In May, Colonel Archibald Montgomery and 1,200 regular Scots highlanders march from Charleston with the purpose of expelling the Cherokee from the midlands. Montgomery and his men are ambushed and, after suffering only a handful of losses, retreat from the area. A mass exodus of settlers follows Montgomery’s defeat and many residents flee toward the coast.

1769 South Carolina Divided Into Districts

The Circuit Court Act of 1769 divides the state into seven judicial districts. Ninety-Six, Orangeburg, Cheraws, and Camden Districts serve the residents of the upstate, while Beaufort, Charleston, and Georgetown serve along the coast.

[Image] South Carolina Divided Into Districts, Courtesy of state.sc.us

1775

South Carolina's first Provincial Congress meets to discuss an agreement seeking to prevent the importation of British goods into the American colonies.
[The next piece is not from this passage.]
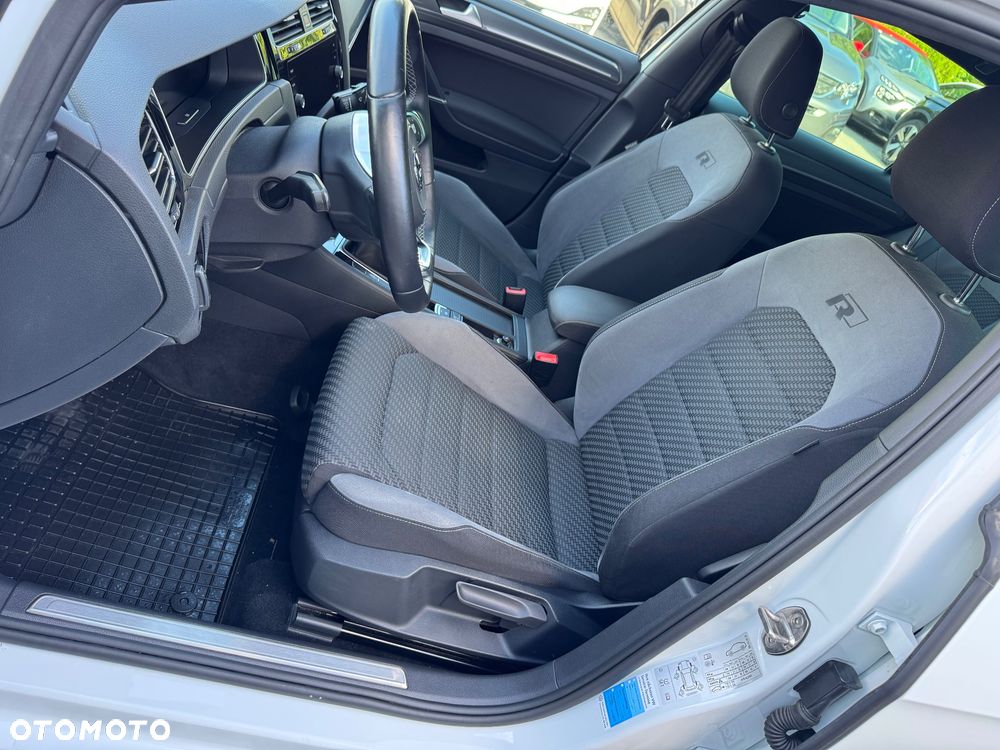 Volkswagen Golf 1.4 TSI BMT Highline - 19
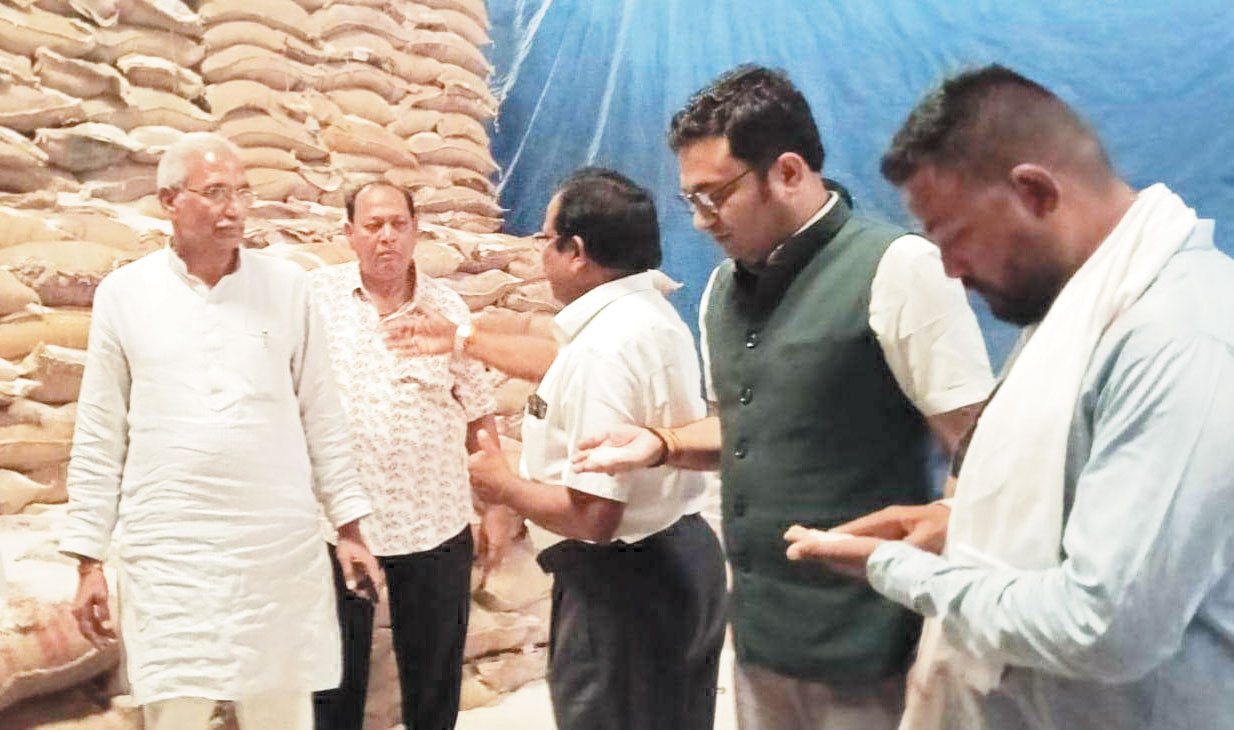 चंदूलाल साहू ने किया सरकारी गोदामों का निरीक्षण चंदूलाल साहू ने किया सरकारी गोदामों का निरीक्षण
Residents of the upcountry are dubious because they received their land from the British monarchy through bounty grants.

1780

After the American Revolution begins, the capture of Charleston by the British in May is finally enough to reverse the opinion of many who had remained loyalist. The cruelty exhibited by the British troops toward residents of Charleston anger South Carolinians. A group of loyalists from Ninety-Six District form a militia with six regiments.

 

It has been estimated that in the Ninety-Six District alone there were over 1,400 widows and orphans by the end of the American Revolution.

1785

By the end of the Revolution, Ninety-Six District is too large to govern. The Ninety-Six District is split into Edgefield, Abbeville, Laurens, Spartanburg, Union, and Newberry (then spelled Newbury) Counties.

[Image] Ninety-Six District Divided Into Counties, Courtesy of state.sc.us

1786

The legislature votes to move the state’s capital from Charleston to a new town that will be constructed in a centralized location along the banks of the Congaree River. After a great deal of debate, it is decided that the new town will be named Columbia, a name that symbolizes the new nation.

1787

The Newberry County courthouse begins to probate wills and record deeds, eliminating a trip to Ninety-Six or Charleston to file necessary paperwork.

1790

Newly arrived Christian missionaries begin to establish houses of worship. Church services bring together isolated rural households, helping to establish community identity.

[Image] Original Holy Trinity Church in Little Mountain, Courtesy of the Town of Little Mountain

1794

Eli Whitney’s cotton gin makes it possible to process cotton on a grand scale. This new technology indirectly increases the use of slave labor, causing many in the Quaker community to leave the state.